▸ **Problem description**: Nothing but the lines from the first line of the material below through the line that holds "From the boxes" should be set down, exactly and with pictures left out.

▸ **Recorded information**:
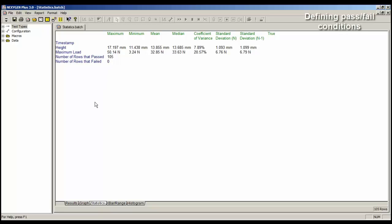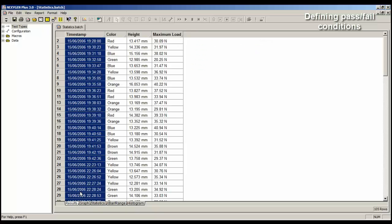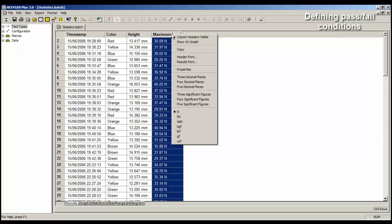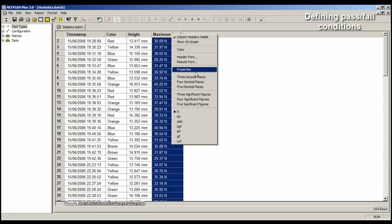We'll go back to the results table, and we'll select a column to add a pass or fail condition, and in this case I'm going to use maximum load. So right mouse click on the maximum load column. We have a menu displayed. We will select Properties.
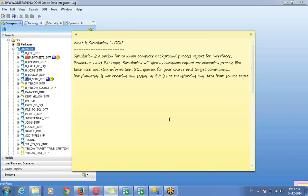So it will be a complete report. If you run your interface, it will execute your interface, create a session, and transfer the data from source to target. But I don't want to run any session or load data from source to target. I want to know, before loading data, how queries are generating in each step and each task — I want to know the details.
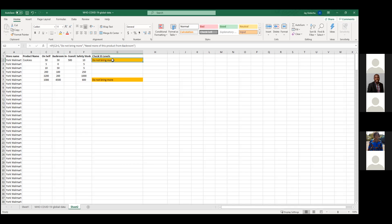That definitely brings it to more relevance for anyone who hasn't seen how to use this — this is the IF function. Do you have any questions with the IF function?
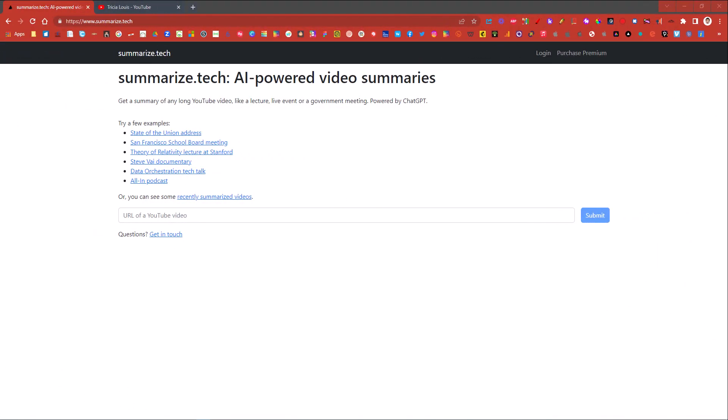Here's something interesting that I came across that I thought I would share with you all called Summarize.Tech. It says AI-powered video summaries. Get a summary of any long YouTube video like a lecture, live event, or government meeting that's powered by ChatGPT.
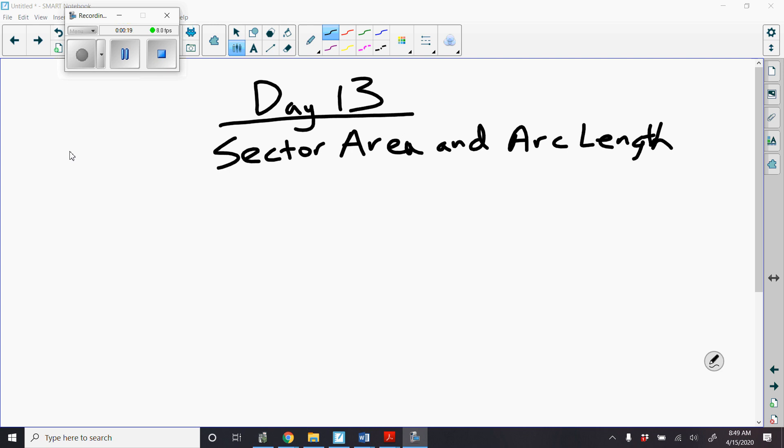So on problems, make sure you read the problem carefully to determine is this a sector area problem or is this an arc length problem. Look for the word sector area or arc length in there.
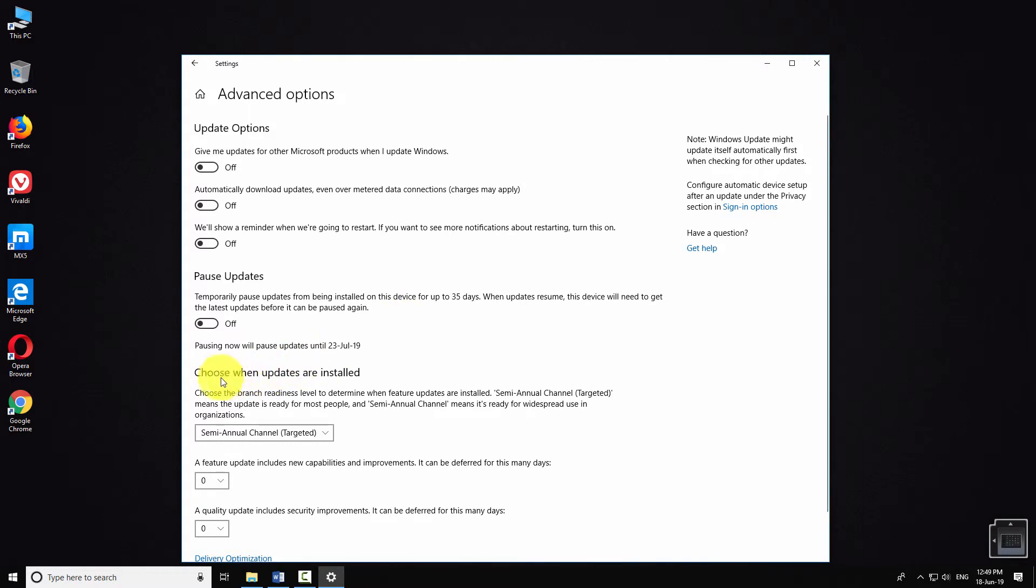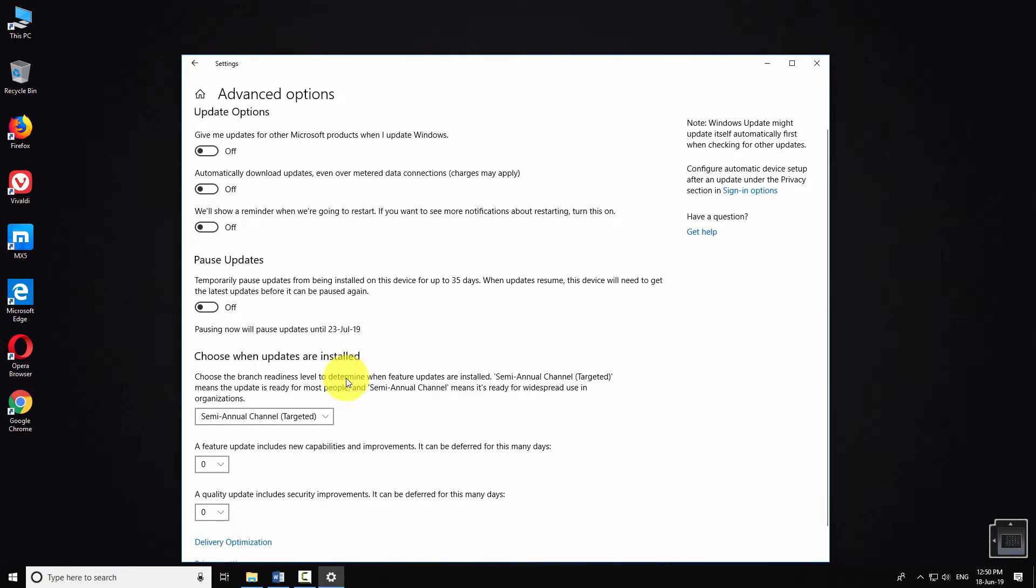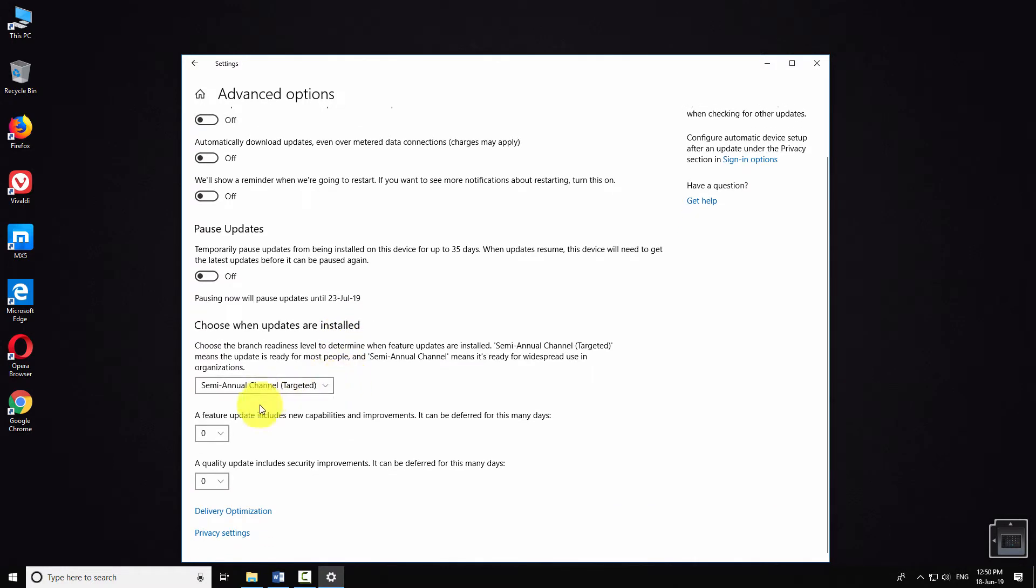From the boxes under choose when updates are installed, select the number of days you would like to defer a feature update or a quality update.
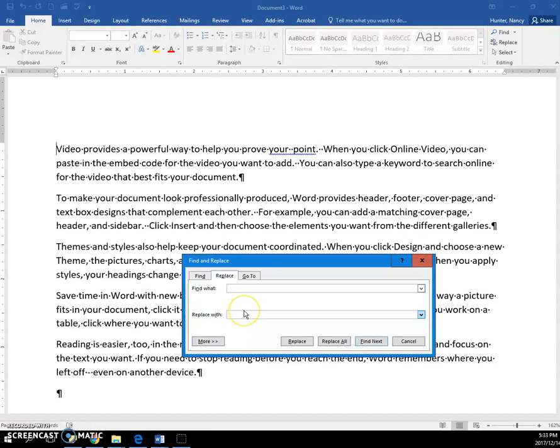I'm going to press my spacebar once to say, replace those two spaces with one.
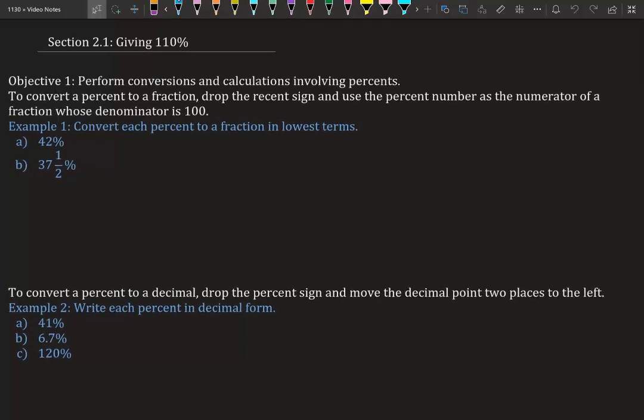Section 2.1: Giving 110% — performing conversions and calculations involving percents. To convert a percent to a fraction, we drop the percent sign and use the percent number as the numerator of a fraction whose denominator is 100. We're going to convert each percent into a fraction in lowest terms — 'lowest terms' just means simplify.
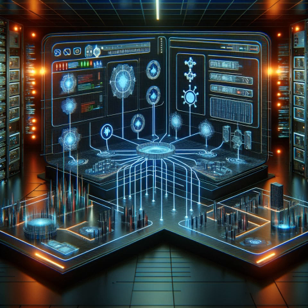Effective network segmentation requires adhering to best practices while being aware of common pitfalls. Start by thoroughly understanding your network and regularly updating the segmentation plan to adapt to new threats.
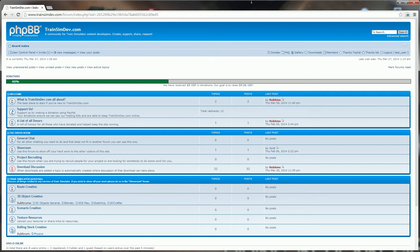Hello and welcome to another Trainsimdev.com tutorial video. This time we're going to quickly cover inviting users where members can invite people to join the Trainsimdev.com site and also how you accept that invitation.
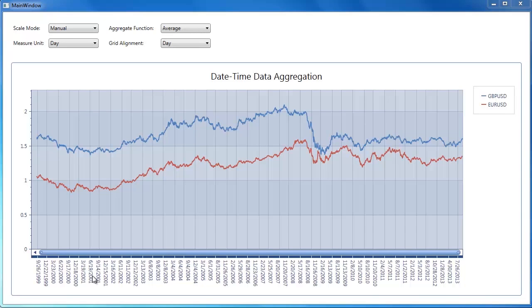This video demonstrates automatic data aggregation that's available with the new DevExpress release for both WPF and Silverlight charts. This feature is useful when your chart displays a very large amount of data, for example thousands or even millions of data points, and it's necessary to have a quick aggregated overview of this data.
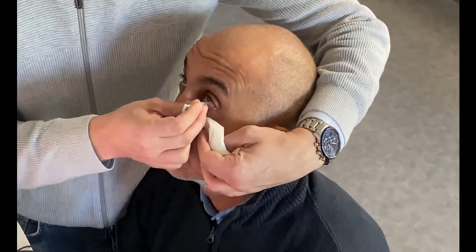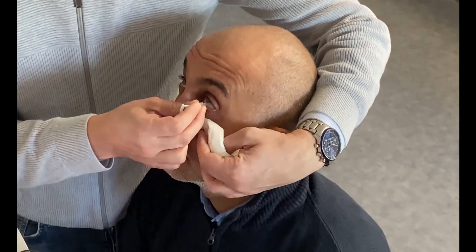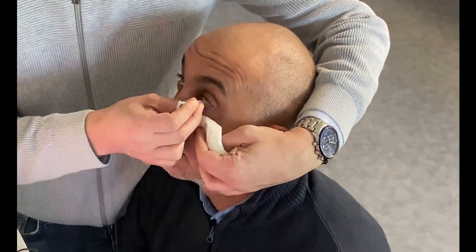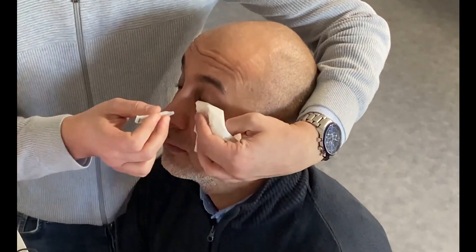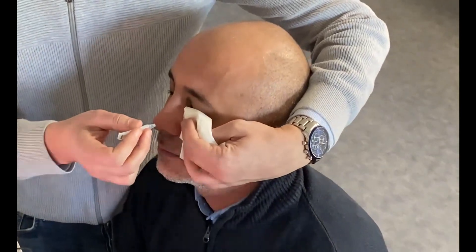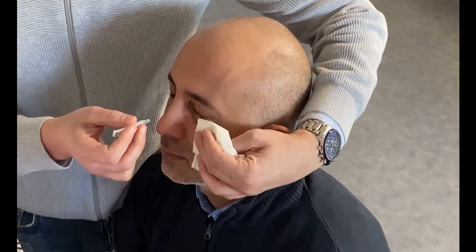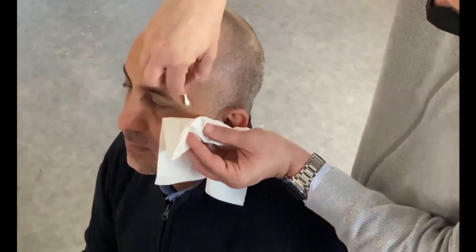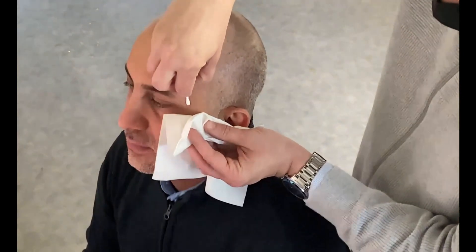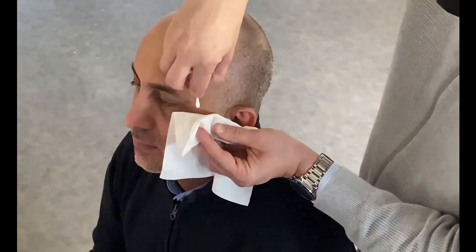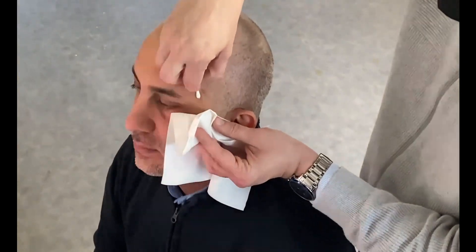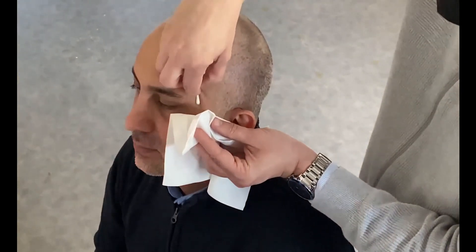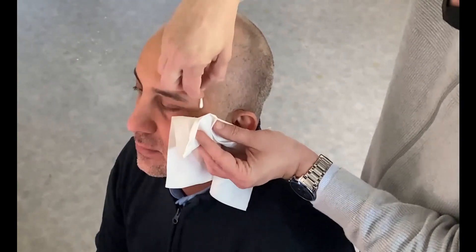Now we will put drops to dilate the pupils and drops for local anesthesia. Skin electrodes will be placed close to the canthi and the skin preparation is very important.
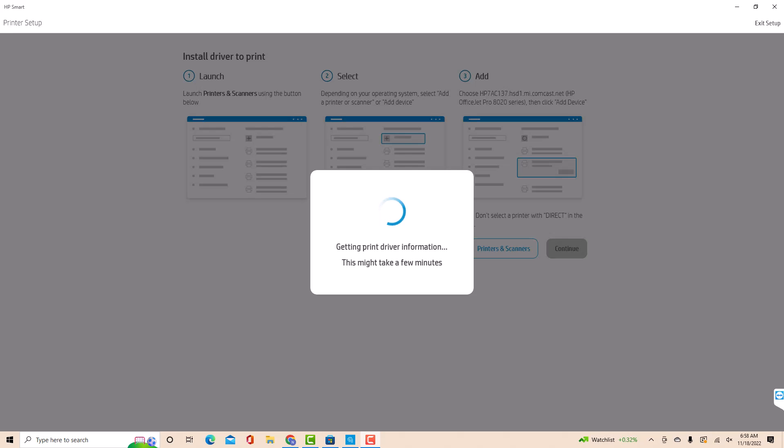Now it will get the print driver information. This might take a few minutes. You will see a message saying that the print driver is successfully installed.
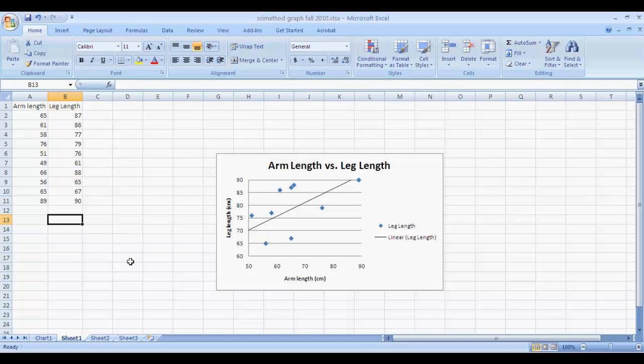In this video, I'm going to show you how to do the Pearson correlation coefficient calculation using Microsoft Excel.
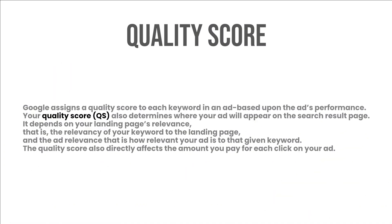Your quality score, QS, also determines where your ad will appear on the search result page. It depends on your landing page's relevance, that is the relevancy of your keyword to the landing page, and the ad relevance, that is how relevant your ad is to that given keyword. The quality score also directly affects the amount you pay for each click on your ad.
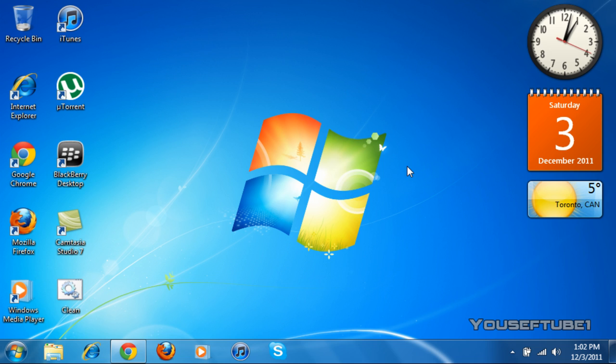It's UbTube1 here and today I'm going to be showing you if your operating system is 32-bit or 64-bit. I'll also be showing you other additional information such as your Windows Edition, if it's Starter Edition, Home Premium, Professional or Ultimate,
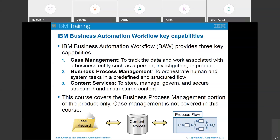The third capability is Content Services. We can store, manage, govern, and secure both structured and unstructured content. Structured content is stored in a table in a particular format. Unstructured content is stored in documents, PDFs, image files, audio files, video files, etc. In both Case Management and Business Process Management, we need to use supporting documents — upload evidences like audio and video files — store them properly, manage them whenever needed, and keep them secured. These are the three capabilities of Business Automation Workflow.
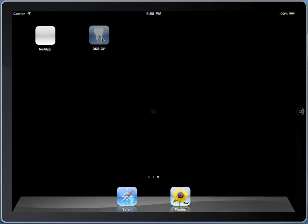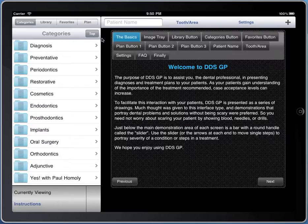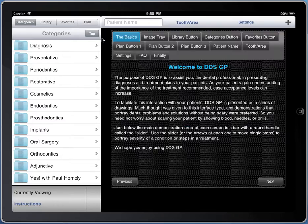Today I'd like to talk a little bit about the Nobel BioCare content in DDSGP. This video assumes a working knowledge of the software. If you need a beginner's video, there's one available on our website, ddsgp.com.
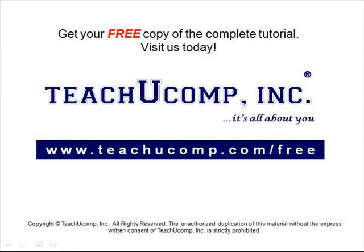Get your free copy of the complete tutorial at www.teachucomp.com forward slash free.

▸ **Task solution**:
We'll go back to the results table, and we'll select a column to add a pass or fail condition, and in this case I'm going to use maximum load. So right mouse click on the maximum load column. We have a menu displayed. We will select Properties.
So it will be a complete report. If you run your interface, it will execute your interface, create a session, and transfer the data from source to target. But I don't want to run any session or load data from source to target. I want to know, before loading data, how queries are generating in each step and each task — I want to know the details.
That definitely brings it to more relevance for anyone who hasn't seen how to use this — this is the IF function. Do you have any questions with the IF function?
Here's something interesting that I came across that I thought I would share with you all called Summarize.Tech. It says AI-powered video summaries. Get a summary of any long YouTube video like a lecture, live event, or government meeting that's powered by ChatGPT.
So on problems, make sure you read the problem carefully to determine is this a sector area problem or is this an arc length problem. Look for the word sector area or arc length in there.
From the boxes under choose when updates are installed, select the number of days you would like to defer a feature update or a quality update.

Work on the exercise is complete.